Gbowee spoke to a packed house in the Heritage Room of the Legion Memorial Building on Thursday, telling the audience that “a difference is made by one person who is fed up and takes action.” If someone is truly passionate about what they are doing, and they get moving, he or she can build a community from like-minded people.
That is what happened in Liberia, when a group of women, mostly mothers, came together to help bring an end to years of civil war that had killed nearly 10 percent of the country’s population; made sexual slaves of women and children; and turned boys as young as 10 into child soldiers. A group of 2,000 women gathered outside then-President Charles Taylor’s house to protest the war. Later a group of approximately 300 women walked to the site of slow-moving peace talks and staged a sit-in to put additional pressure on the different sides. An agreement was reached in 2003.
Then in 2005, Liberia elected its first female president, Ellen Johnson Sirleaf, who is a co-recpient of the Nobel Prize with Gbowee and Tawakei Karman. Sirleaf was re-elected in 2011 with Gbowee’s support.
Gbowee said the women’s movement crossed religious affiliations, including Christians and Muslims, and the old religious divides have nearly disappeared as more people marry outside their faith. “We’re cool,” she smiled.
However, she is concerned that ethnic competition is starting to creep in and may become a factor in the country’s upcoming election.

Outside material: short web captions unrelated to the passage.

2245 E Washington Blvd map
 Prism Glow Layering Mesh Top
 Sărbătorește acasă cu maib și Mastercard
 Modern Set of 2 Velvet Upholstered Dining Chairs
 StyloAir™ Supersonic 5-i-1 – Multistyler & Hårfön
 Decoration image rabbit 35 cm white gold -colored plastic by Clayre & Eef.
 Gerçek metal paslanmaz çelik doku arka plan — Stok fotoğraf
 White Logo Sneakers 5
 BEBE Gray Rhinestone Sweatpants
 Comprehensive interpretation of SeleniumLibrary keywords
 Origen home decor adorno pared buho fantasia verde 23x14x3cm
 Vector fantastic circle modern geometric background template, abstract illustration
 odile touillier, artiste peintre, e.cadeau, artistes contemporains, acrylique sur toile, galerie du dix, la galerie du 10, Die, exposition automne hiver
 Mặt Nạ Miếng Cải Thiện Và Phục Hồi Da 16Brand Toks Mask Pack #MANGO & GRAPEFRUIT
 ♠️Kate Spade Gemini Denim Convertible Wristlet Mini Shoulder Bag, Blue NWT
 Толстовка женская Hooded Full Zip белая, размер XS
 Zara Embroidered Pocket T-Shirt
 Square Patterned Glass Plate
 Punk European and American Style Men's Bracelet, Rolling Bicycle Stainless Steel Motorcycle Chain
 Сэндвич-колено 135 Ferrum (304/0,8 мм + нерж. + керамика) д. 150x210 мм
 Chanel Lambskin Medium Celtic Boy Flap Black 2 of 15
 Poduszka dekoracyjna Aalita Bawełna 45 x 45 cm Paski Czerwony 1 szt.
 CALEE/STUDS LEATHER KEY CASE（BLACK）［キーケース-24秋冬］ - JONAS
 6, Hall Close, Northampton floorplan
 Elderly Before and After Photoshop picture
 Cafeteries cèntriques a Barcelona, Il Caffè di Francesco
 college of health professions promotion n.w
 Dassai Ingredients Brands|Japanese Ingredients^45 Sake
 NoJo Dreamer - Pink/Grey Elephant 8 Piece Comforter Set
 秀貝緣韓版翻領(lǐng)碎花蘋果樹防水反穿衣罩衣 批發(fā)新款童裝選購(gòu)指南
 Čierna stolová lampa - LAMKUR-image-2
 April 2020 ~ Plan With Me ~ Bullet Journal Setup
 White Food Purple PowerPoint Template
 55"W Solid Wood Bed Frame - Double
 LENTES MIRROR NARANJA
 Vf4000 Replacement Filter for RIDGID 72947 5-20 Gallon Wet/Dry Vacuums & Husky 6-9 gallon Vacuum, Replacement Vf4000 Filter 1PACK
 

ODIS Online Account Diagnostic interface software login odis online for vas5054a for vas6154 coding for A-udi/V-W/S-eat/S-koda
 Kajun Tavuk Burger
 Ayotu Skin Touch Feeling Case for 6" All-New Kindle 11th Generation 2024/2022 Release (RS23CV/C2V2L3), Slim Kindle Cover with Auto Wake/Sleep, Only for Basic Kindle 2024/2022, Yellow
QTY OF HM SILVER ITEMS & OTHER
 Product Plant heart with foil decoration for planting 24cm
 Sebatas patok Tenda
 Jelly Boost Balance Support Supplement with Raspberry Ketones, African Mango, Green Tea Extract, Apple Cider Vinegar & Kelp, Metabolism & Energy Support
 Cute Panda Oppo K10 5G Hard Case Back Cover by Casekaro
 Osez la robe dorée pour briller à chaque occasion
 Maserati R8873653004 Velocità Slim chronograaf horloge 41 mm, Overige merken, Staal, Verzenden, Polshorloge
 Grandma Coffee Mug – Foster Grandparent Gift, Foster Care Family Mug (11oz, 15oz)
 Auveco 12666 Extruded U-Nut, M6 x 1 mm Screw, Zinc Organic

When asked about the current tone of the United States presidential election, Gbowee said it has become a joke around the world. One shopkeeper in Ghana asked her if the election was really as bad as it sounded. When Gbowee said it was, the shopkeeper said, “’It sounds like an election in Africa.’”
But no matter who wins, people will need to come together after Nov. 8, she said, asking, “What will your role be to bring this society back on its feet?”
Gbowee told the students that discovering the right cause is important. You may have several concerns but “the one that keeps you up at night” is the one that you must address first. Then take that first step. Because “your passion is what will draw people to you,” she said. “You have to feel passionately about the cause.”
It is that passion that keeps her going after 20 years. Because Gbowee has found that it isn’t an outsider who helps lift a victim to her feet. It is another victim that comes to her aid. It has been the case in Liberia, in the Congo, in South Sudan, in Libya, and Syria. “Those are the people who keep me going.”
And she has learned that you must be wary of those who are willing to give in too easily, Gbowee said, especially when it comes to women’s rights.
“Anything handed to you too easily is not truly yours.”